[Work request] From the first line to the last, output the data exactly as it stands, minus its pictures.

Collection entries
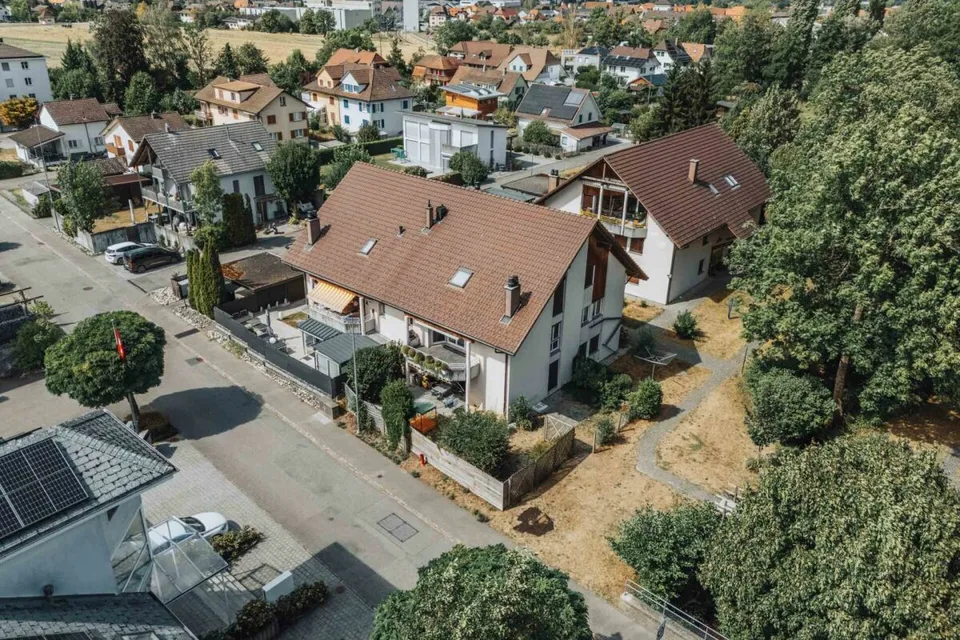 Appartamento di 4,5 locali luminoso con balcone coperto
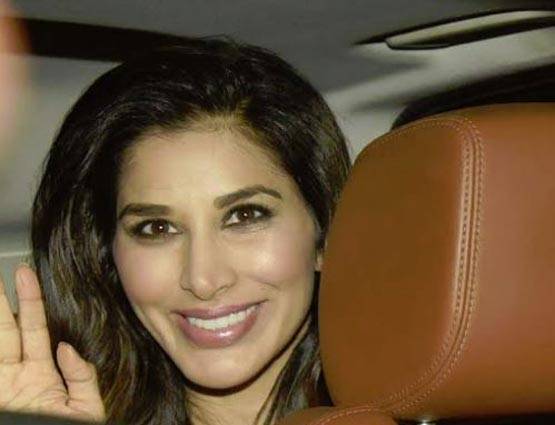 बॉलीवुड सितारों ने करण जौहर के साथ मनाई वेलेंटाइन पार्टी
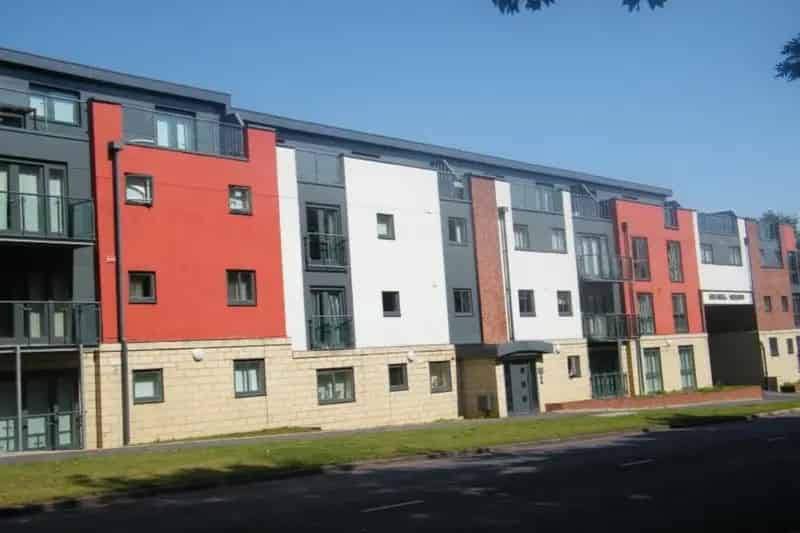 2 Bedroom Apartment near Birmingham Airport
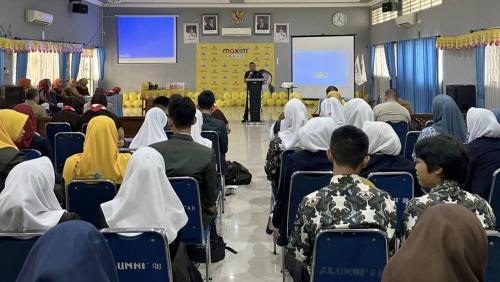 diikuti-20-sma-maxim-selenggarakan-kompetisi-cerdas-cermat-bahasa-inggris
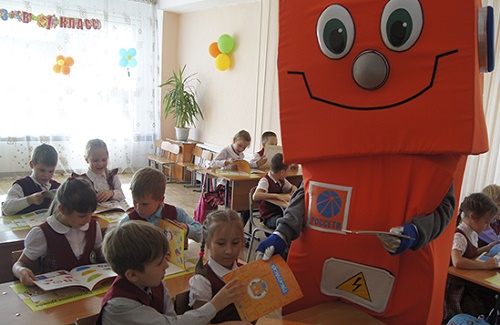 Вольтик подружился с первоклассниками из Черногорской гимназии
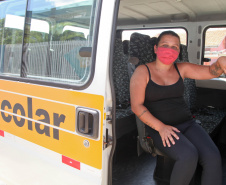 Governo do Paraná Através da Fomento Paraná Libera Recursos para Transportes Escolares. Greicy Kelly Ferreira tem uma van escolar e presta serviço para pais e alunos da rede estadual e municipal em Curitiba. - Curitiba, 17/02/2021  -   Foto: Ari Dias/AEN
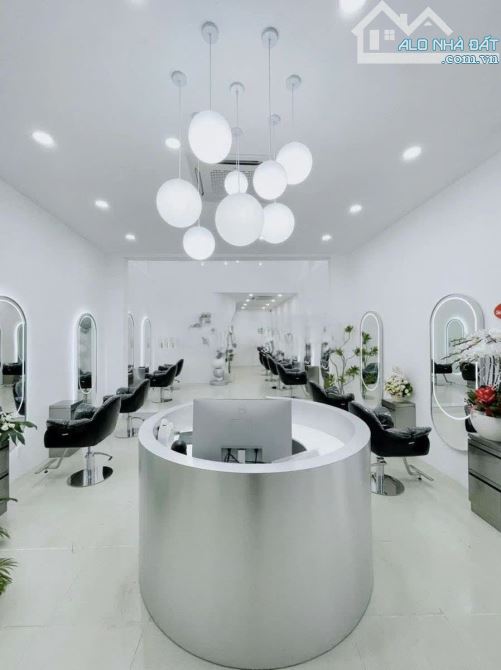 Nhà MT Nơ Trang Long 6x12m Trệt.3L Trông suốt.4wc.Tốt Spa.Shop - 2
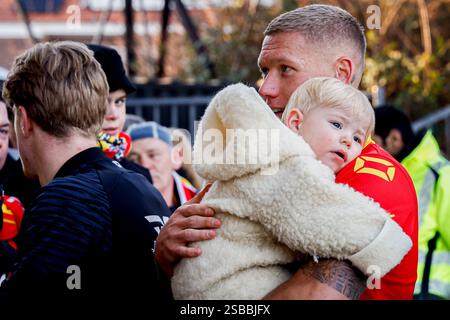 Deventer, pays-Bas. 02 février 2025. DEVENTER, PAYS-BAS - 2 FÉVRIER : Victor Edvardsen de Go Ahead Eagles après le match néerlandais Eredivisie entre Go Ahead Eagles et FC Twente à de Adelaarshorst le 2 février 2025 à Deventer, pays-Bas. (Photo de Broer van den Boom/Orange Pictures) crédit : Orange pics BV/Alamy Live News Banque D'Images
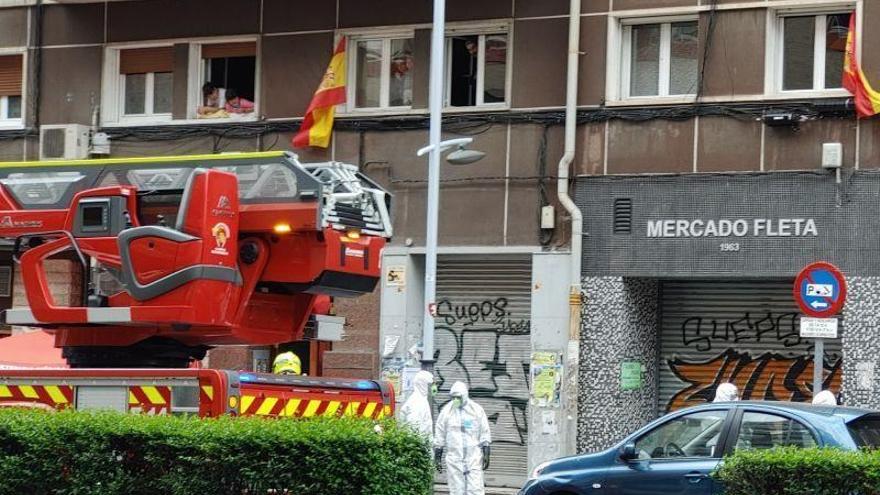 Los bomberos hallan a  un hombre de 70 años muerto en su domicilio de Zaragoza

[Output for this exercise]
 Appartamento di 4,5 locali luminoso con balcone coperto
 बॉलीवुड सितारों ने करण जौहर के साथ मनाई वेलेंटाइन पार्टी
 2 Bedroom Apartment near Birmingham Airport
 diikuti-20-sma-maxim-selenggarakan-kompetisi-cerdas-cermat-bahasa-inggris
 Вольтик подружился с первоклассниками из Черногорской гимназии
 Governo do Paraná Através da Fomento Paraná Libera Recursos para Transportes Escolares. Greicy Kelly Ferreira tem uma van escolar e presta serviço para pais e alunos da rede estadual e municipal em Curitiba. - Curitiba, 17/02/2021  -   Foto: Ari Dias/AEN
 Nhà MT Nơ Trang Long 6x12m Trệt.3L Trông suốt.4wc.Tốt Spa.Shop - 2
 Deventer, pays-Bas. 02 février 2025. DEVENTER, PAYS-BAS - 2 FÉVRIER : Victor Edvardsen de Go Ahead Eagles après le match néerlandais Eredivisie entre Go Ahead Eagles et FC Twente à de Adelaarshorst le 2 février 2025 à Deventer, pays-Bas. (Photo de Broer van den Boom/Orange Pictures) crédit : Orange pics BV/Alamy Live News Banque D'Images
 Los bomberos hallan a  un hombre de 70 años muerto en su domicilio de Zaragoza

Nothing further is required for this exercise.